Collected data
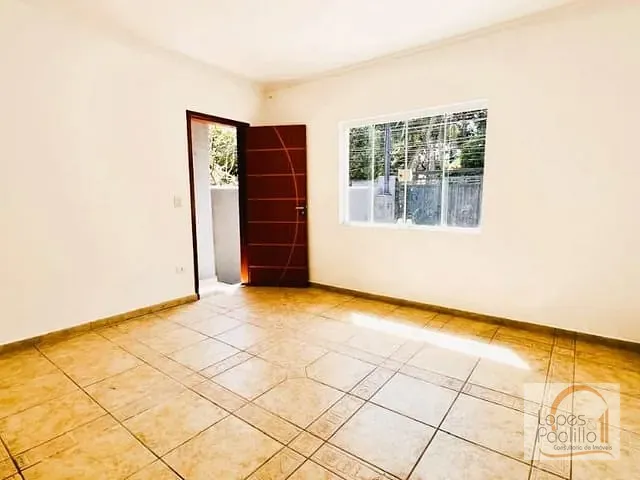 Casa com 246m² 3 quartos e 3 banheiros, para alugar, no bairro Atibaia Jardim em Atibaia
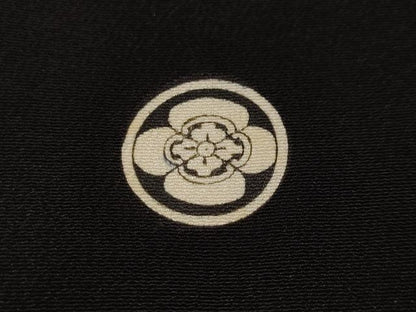平和屋着物■豪華黒留袖　刺繍　孔雀笹松花文　暈し染め　金彩　正絹　逸品　CABJ3295ev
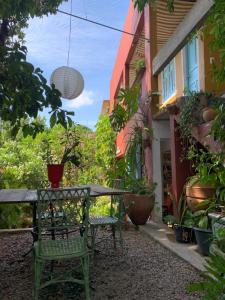 a table and chair in the courtyard of a house at Hospedaria Santa Bárbara in Rio de Janeiro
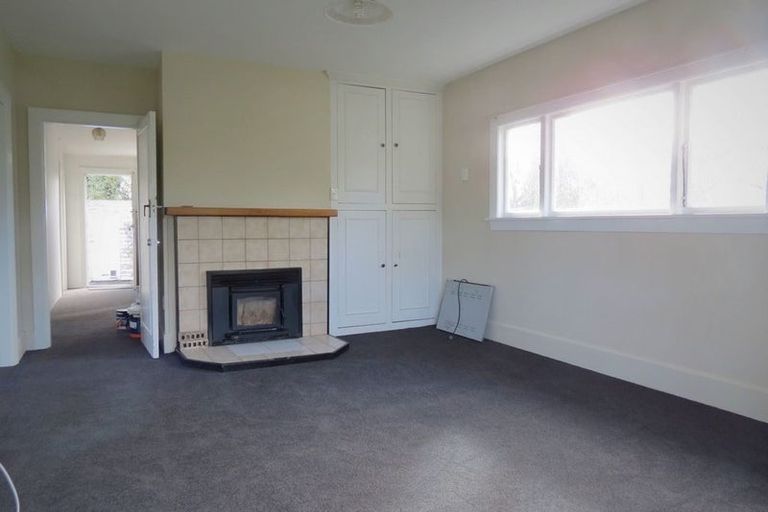 Photo of property in 49 Wainoni Road, Wainoni, Christchurch, 8061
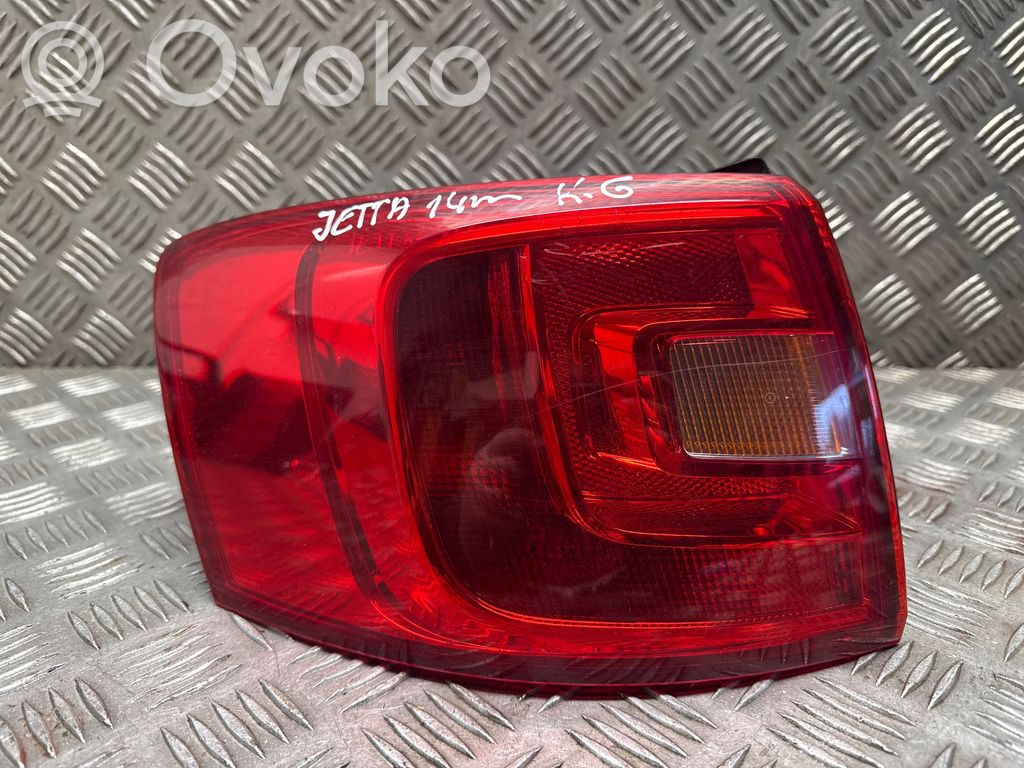 Volkswagen Jetta VI Feux arrière / postérieurs
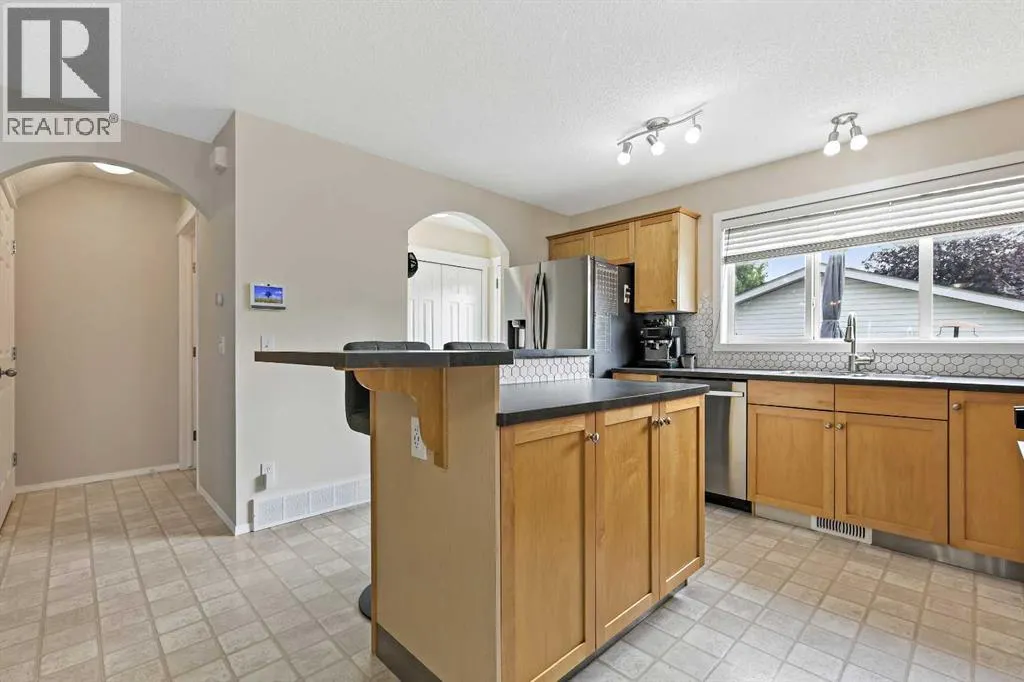 67 Copperfield Heights SE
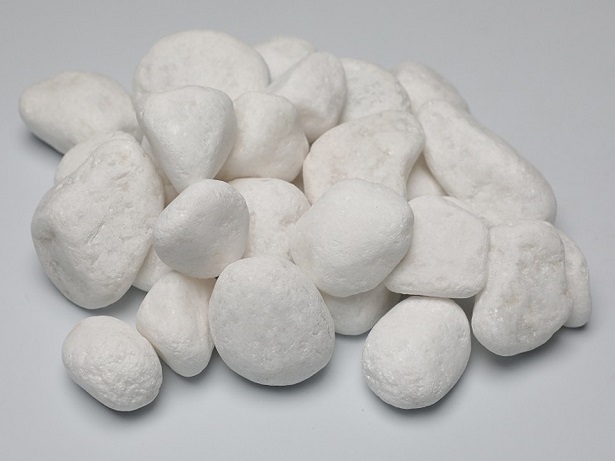 The Snow White Pebble Use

[TASK REQUIREMENTS] Write out the lines from the line with "Volkswagen Jetta VI" through the end of the records exactly; do not include pictures or any other lines.

[RESPONSE TO THE TASK]
 Volkswagen Jetta VI Feux arrière / postérieurs
 67 Copperfield Heights SE
 The Snow White Pebble Use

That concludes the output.